Deuxièmement, des facteurs d'ordre personnel interviennent fortement dans le conditionnement des préférences environnementales. Dans ce cadre, l'autonomie individuelle, l'absence de contraintes, la liberté et la tolérance (Chawla, 1992) constituent des éléments déterminants. Les espaces offrant l'opportunité d'échapper aux contraintes sont ceux qui attirent davantage les individus ayant ainsi la «possibilité de vivre de façon un peu plus autonome» dans des espaces «assimilés, à des degrés différents, à des expériences sociales de liberté» (Fischer, 1983, p. 31).

Les expériences des lieux préférés sont fortement caractérisées – et par ordre d'importance - par la cohérence, la compatibilité, la solitude ou l'isolement et la fascination (Korpela & Hartig, 1996). En conséquent, ces quatre aspects font la différence entre les espaces préférés et ceux évités; ils sont fortement présents dans les lieux préférés et quasiment absents dans les lieux rejetés.

Troisièmement, la différence entre les choix préférentiels est aussi décrite en termes d'émotions. Les sujets associent aux espaces préférés un degré élevé d'affects positifs et un degré inférieur de colère, de peur et d'agression et vice versa. Les lieux préférés deviennent sources et supports aux expériences émotionnelles reconstituantes des ressources et représentent, par conséquent, des aspects constructifs dans l'autorégulation environnementale (Korpela & Hartig, 1996, pp. 221–231).
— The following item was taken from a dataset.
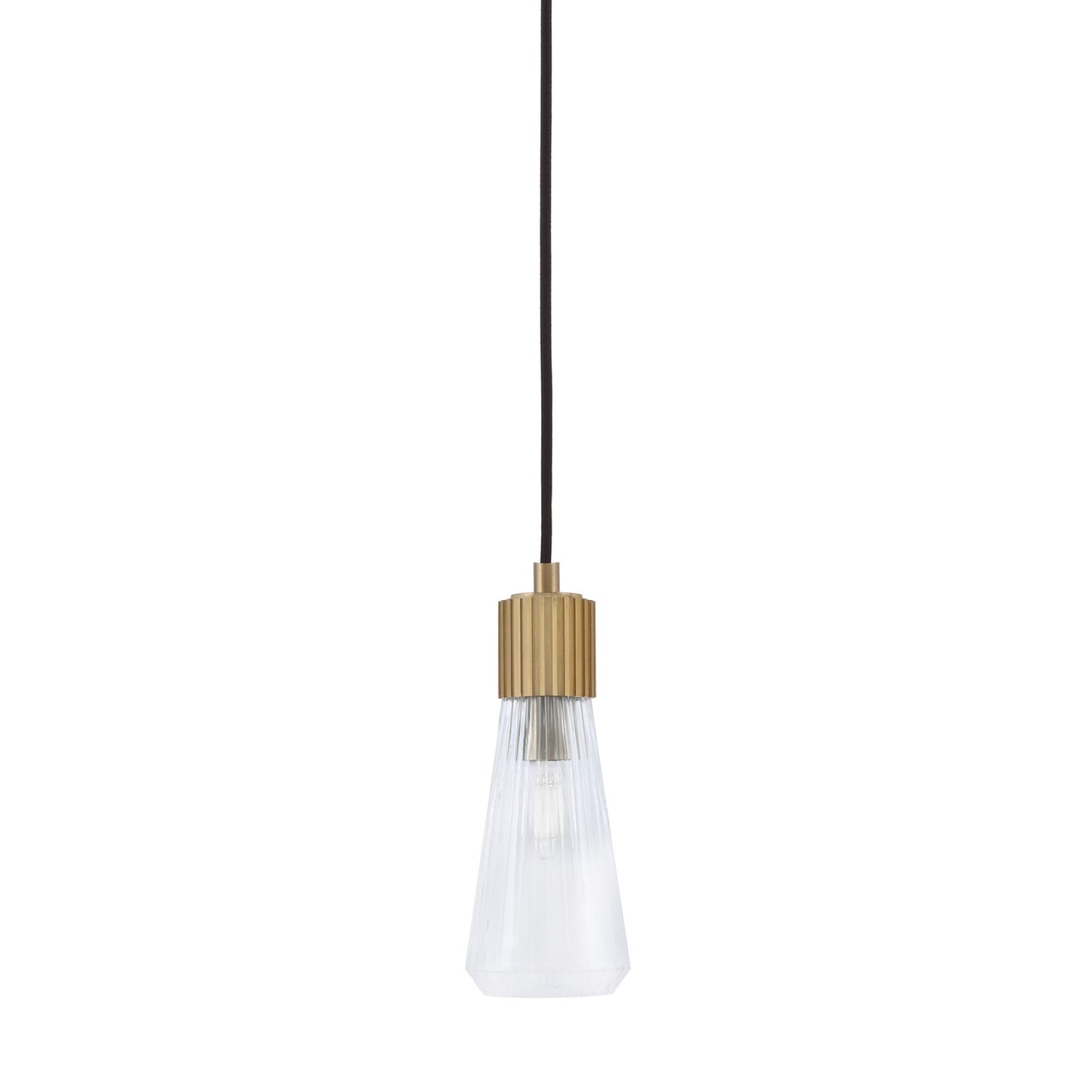 Toltec Everleigh 4in 1-Light Mini Pendant | Contemporary New Age Brass and Clear Ribbed Glass | Kitchen Island & Dining Room | 4 x 10 in | Model 4802-NAB-880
Les concepts d'émotion et d'autorégulation font le lien entre le concept de l'identité du lieu et la théorie de l'environnement restructurant (Korpela, 1989, 1992, 1995). La régulation des émotions serait irréductible au seul processus intérieur, car elle implique aussi une interaction environnementale. Ainsi, la régulation émotionnelle se définit en référence aux «facteurs internes et externes de l'organisme par lesquels les émotions sont contrôlées, modulées et modifiées afin de permettre aux individus de fonctionner avec adaptation dans des situations émotionnelles» (Cicchetti & al., 1991, p. 15).

Dans le système de «l'émotion régulatrice», l'usage de l'environnement physique comprend l'intentionnalité et d'auto–initiation de l'émotion (Izard & Kodak, 1991). Ceci nécessite le recours aux techniques de modification, d'une part, de l'expression comportementale et des jeux, et, d'autre part, de la perception cognitive (auto–instruction, auto–gestion). Dans la même visée de l'auto–régulation, Epstein (1995) considère que les êtres humains construisent leur propre théorie et celle du monde en vue de réaliser quatre objectifs. Il s'agit 1) d'intégrer et de maintenir les données du terrain dans un système cohérent ; 2) de maximiser l'équilibre entre le plaisir et la peine ; 3) de préserver favorablement l'estime de soi, et 4) d'entretenir des liens et des rapports sociaux avec autrui significatif.